# Questions about Zhen Kit



## PHolder (Jan 9, 2021)

I received a Zhen Nakiri kit from Woodcraft as a gift. Bought a set of Padauk scales and also have a 5/32 bit and countersink for the rivets that come with the kit.

Question, Do I use the rivets in the kit, just epoxy the scales or use pins? I do have 5/32 brass pinstock on the way. The pictures of most of these kits on Woodcraft show the scales epoxied on. Some comment bout the rivets being ' a bit daunting to get right'

The holes in the tang seem to be 5/32 but the rivets are slightly smaller. If I decide to go with pins, I would need to either enlarge the holes in the tang or reduce the size of the pins.

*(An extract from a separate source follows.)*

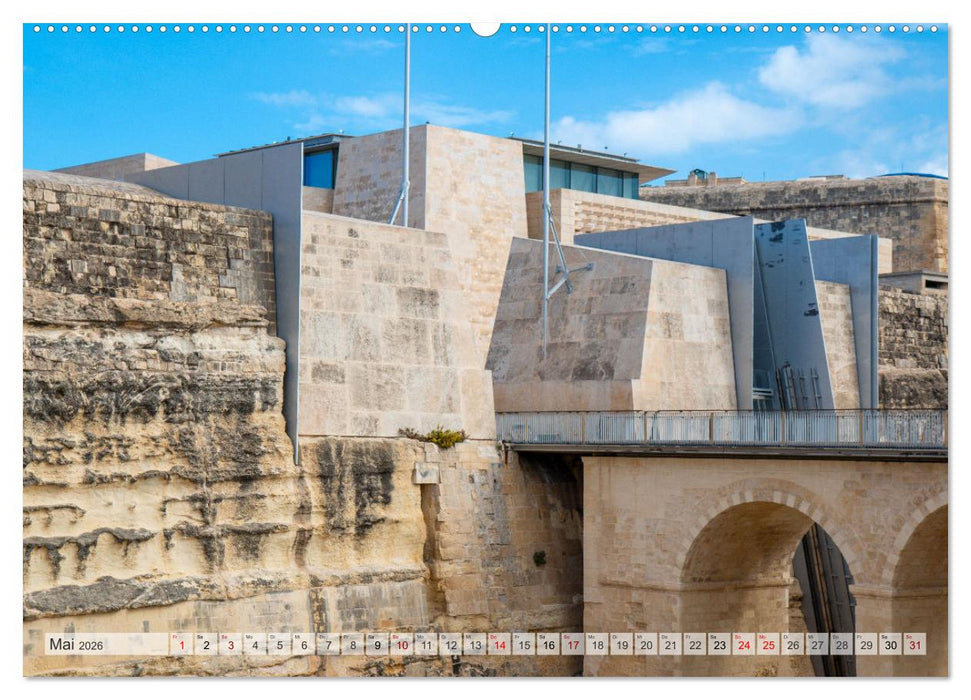 Malta - Wo Geschichte lebendig ist (CALVENDO Wandkalender 2026)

I tend to overthink things *A LOT*. Constructive advise is welcomed.

Thanks.


----------



## stereo.pete (Jan 10, 2021)

I would recommend using both an epoxy and pins or rivets to secure a western style handle. You want to ensure that it is secure and also sealed.


----------



## PHolder (Jan 12, 2021)

Thank you for your reply. I ended up using the cutlery rivets and 30 minute epoxy. Went together well. I would not use those rivets again. I would use Corby rivets or Loveless bolts. Just my .02. 
The cutlery rivets were a challenge to seat. I would think one was seated then it would fall out. All while the epoxy was setting up.


----------